Every head turned to him. His expression was concerned. Zimsy’s eyes were massive. Eryx’s jaw dropped, tension pulling up his shoulders. Drystan looked down.
“You really do know everything,” replied Reeve, solidifying his statement.
Abraxas tipped his head at Reeve, but his worried expression quickly shifted to Maeve. But she wasn’t looking at him. She remained staring at the wood grain with spiraling thoughts.
Magic whispered in her ear. . .things she’d seen but had never understood. Power she’d felt, but never acknowledged.
“You’re lying,” said Eryx.
“No, Eryx,” said Reeve. “She will Inherit the power of Aterna. I can feel the Inheritance picking at my skin. It’s near.”
“You’re just going to lie down and let it happen? When we are all on the brink of extinction?”
“Yes,” said Reeve, as Maeve said, “No.”
Eryx looked at Maeve at last, and then at Zimsy. He appeared to hold back his next words to Maeve, which were no doubt fueled by anger.
“Reeve,” began Eryx, “You are blinded by the bond you share with her. You cannot see that she is not worthy to possess the power of the gods. You cannot place the duty of protecting Aterna and its holy Magic with her.”
Reeve’s voice was sympathetic. “You don’t understand. You think our personal feelings should stop the Inheritance? A power ordained from life we cannot even comprehend? My personal feelings did not stop it last time.”
Eryx’s face softened. “I know that,” he reminded his friend gently.
Maeve’s fingers drummed against the table, electric Magic trickling across her hands. Reeve continued, so infuriatingly at peace with his noble decision to give up his life for her. For Mal. For all life.
“For Maeve to stand a chance in a battle against Shadow, which will be required in order to release Mal’s mind from Shadow’s grip, she must have all available strength possible. I believe her Shadow Magic to be superior to Shadow’s own, but the Dread Magic that Shadow has absorbed over centuries will dominate her when it comes to pure strength.”
Eryx's eyes were slits. “So you die? And she lives.”
“No,” Maeve repeated, her gaze still down and distant.
Eryx scoffed at her. “You think you can just deny what the gods will? And if you think I will stand by you as you seek to bring that monster here—”
“I will not abandon him,” said Maeve plainly.
Eryx looked down at the table. And then at Reeve. “How many times will it take? How many times will she choose him before we’re all dead? He chose his path, now let him—”
“Eryx,” said Zimsy softly, speaking at last.
Maeve entered his mind before she thought better of it. She presented one single emotion and visual to him. There was not a particular memory of Mal’s possession that she showed him, but more, she made sure he felt the weight of it all. That ultimately, it had been her arrogance and cowardice that unsealed Shadow. Not Mal’s. That hisdeterioration into the broken and lost form he now resided in was far from deserved.
She showed him in a blink, and when she pulled from his mind, his eyes were not full of fury. Eryx’s eyes were glassy as he diverted his gaze to his lap.
“Would you like to feel more? I can oblige. I just recently discovered that Shadow Magic is so much more than twisted memories. I can make youfeelmore, too, if you’d like.”

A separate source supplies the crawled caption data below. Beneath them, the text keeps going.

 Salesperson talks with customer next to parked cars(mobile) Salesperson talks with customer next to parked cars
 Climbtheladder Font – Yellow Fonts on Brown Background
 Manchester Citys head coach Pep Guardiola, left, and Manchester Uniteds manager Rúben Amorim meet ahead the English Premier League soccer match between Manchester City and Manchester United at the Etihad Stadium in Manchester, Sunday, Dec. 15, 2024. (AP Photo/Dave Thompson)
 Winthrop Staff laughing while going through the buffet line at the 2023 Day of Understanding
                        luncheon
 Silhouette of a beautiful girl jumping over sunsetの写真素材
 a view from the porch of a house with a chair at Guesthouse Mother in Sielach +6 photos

“No,” said Eryx, his voice clipped.
The hairs on his arms stood at attention as he met her gaze.
Maeve nodded. “It’s not just about him. It it about getting the Magicals safely out of the Dread Lands before they are lost completely. Before Dread Magic is truly extinguished.”

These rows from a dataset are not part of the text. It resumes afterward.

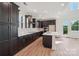 Kitchen with stainless appliances, an island, dark cabinets, and plenty of natural light at 716 Flare Dr, Tega Cay, SC 29708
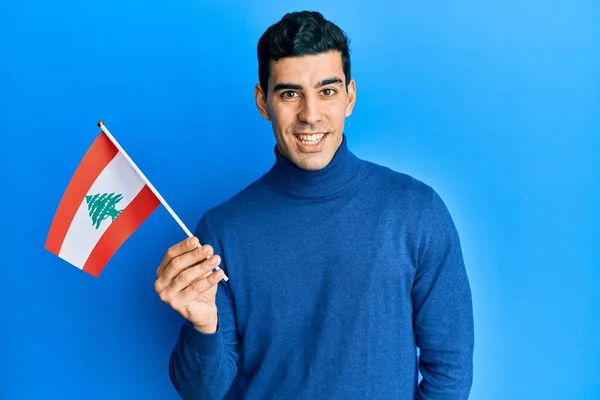 Handsome Hispanic Man Holding Lebanon Flag Looking Positive Happy Standing — Stockfoto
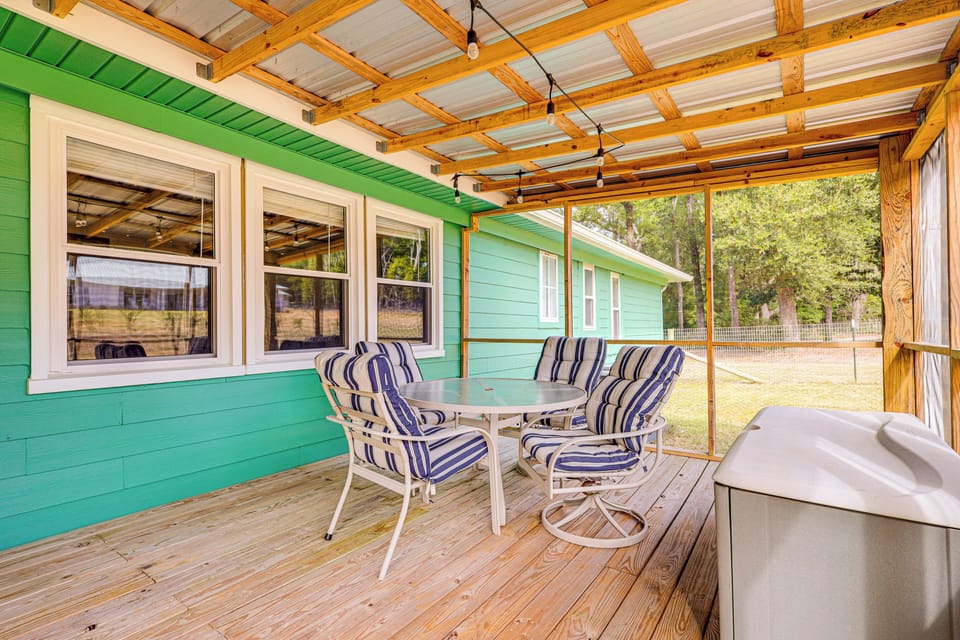 Property Exterior | Single-Story Home | Large Yard | Screened Porch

Having at last decided her course of action, she sighed loudly.
Her father had not raised her, and Mal had not brought her to power, just to be controlled.
She turned to Reeve.
“I have two things to say. The first is, fuck your gods,” she said, and the fire in her stomach ignited as Reeve began to grin. “And second, I am so sick of being cornered into choices,” she said coolly.